School Choice Gains Ground

Recently, Indiana Governor Mitch Daniels -- a longtime choice supporter -- signed a hotly-contested budget bill that contained, among much else, a $2.5 million school choice program that will serve thousands of students. Union efforts to strip the program from the budget were fought off both during the regular legislative session and during the final budget negotiations. The new program provides what are known as "tax-credit scholarships" -- just like vouchers except they're administered by private organizations and funded through the tax code.

Arizona also enacted a new school choice program this year. After a long track record of legal wins for school choice in that state, the unions finally managed to induce judges to strike down two very small voucher programs. The state's two much larger tax-credit scholarship programs were unaffected, since the state's high court blessed that form of choice years ago. The legislature promptly responded to the new ruling by enacting a tax-credit scholarship program to provide the same school choice to the same students as the old voucher programs -- but now under the protection of legal precedent.

Similar programs in Florida and Iowa were expanded this year. The two states have each expanded the scope of corporations who can donate to their tax-credit scholarships, which is expected to bring millions of new dollars into the programs to serve thousands more students in each state.

Georgia, which has become the nation's leader in new school choice programs, began consideration of a universal voucher program. Every child in the state would be voucher-eligible. The bill has passed committee, and under the state's multi-year process for legislation it will move forward for consideration by the full Senate next year.

New Jersey is also considering legislation that would create a new school choice program. And school choice legislation in Montana and Virginia got further than ever before this year, leaving the issue well positioned for future progress.

Does this mean 2009 is a great year for school choice? No, this is a more difficult year than most. Like every movement worth fighting for, school choice goes through its ups and downs.

But it's important to measure both the bad and the good, and look at the whole picture.
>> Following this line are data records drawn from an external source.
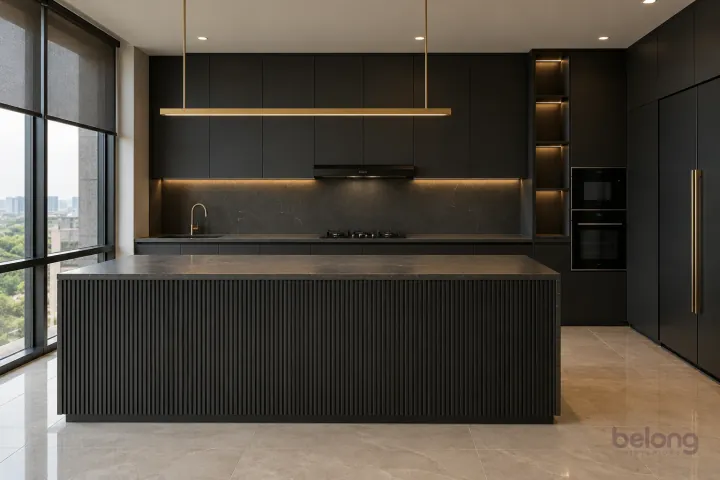 Black fluted island under a linear pendant, with matte black and dark leathered stone finishes, precise fitted joinery and pristine surfaces in a contemporary Indian home.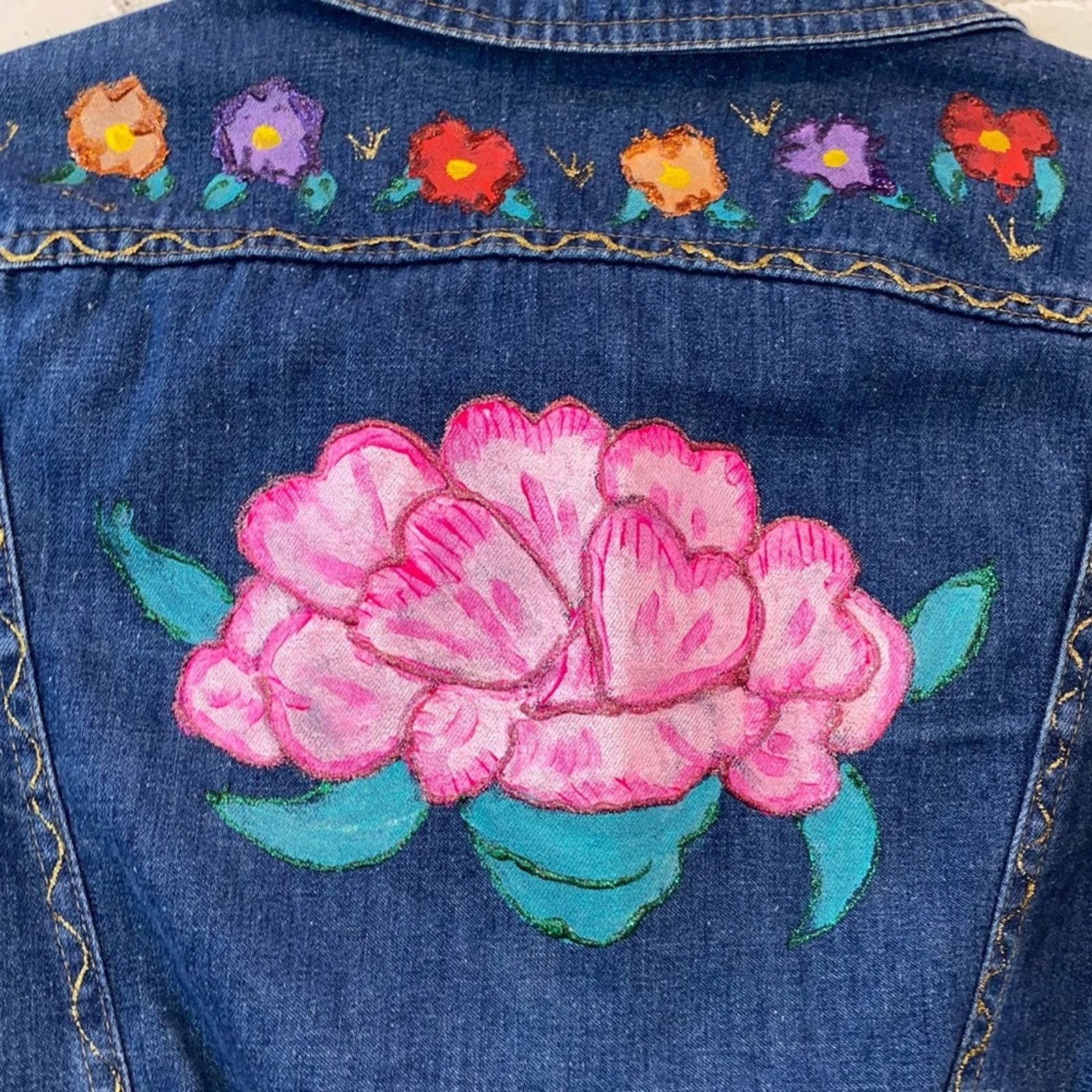 Levi's Levi’s Astericks VTG Denim Button Down Jacket with Flowers Size S / US 4 / IT 40 - 4 Thumbnail
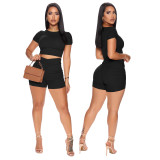 Women Gathered Ribbed Short Sleeve Top and Short Two-Piece Set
Clearly the movement is not dead just because two of the 24 school choice programs that exist nationwide are experiencing turbulence.

We had a really great year for school choice in 2006; five new programs were created. But then we had a tough year in 2007. A universal voucher program passed by the Utah legislature and signed by the governor was overruled by a union-backed referendum.

But you know what? That same year, Georgia enacted a large voucher program for special-needs students. And then in the next year, 2008, things were going well again -- three new school choice programs were enacted, another large one in Georgia (with no restrictions on student eligibility) and two smaller ones in Louisiana.

The bottom line is that the D.C. and Milwaukee programs are in trouble because they're legacy programs; they're the old model of school choice, designed as charity programs that only serve the most disadvantaged. As a result, it's hard to mobilize political support for them. The constituencies that benefit most are the least powerful.

Georgia, with its more broad-based programs, is pointing the way forward. School choice that serves all students, not just some, is where the movement is headed -- precisely because it's the only model where the political math adds up.

Our national future -- in the form of our children's education -- is being demolished by a government monopoly that exists to serve the interests of a union gravy train. School choice has consistently worked, both to serve participants better and to improve all schools through competition.

The bottom line comes down to only two questions. Is our national future worth fighting for? And is there any other movement -- is there anything else at all -- that has shown any sign of producing the kind of positive educational results that are necessary to save it?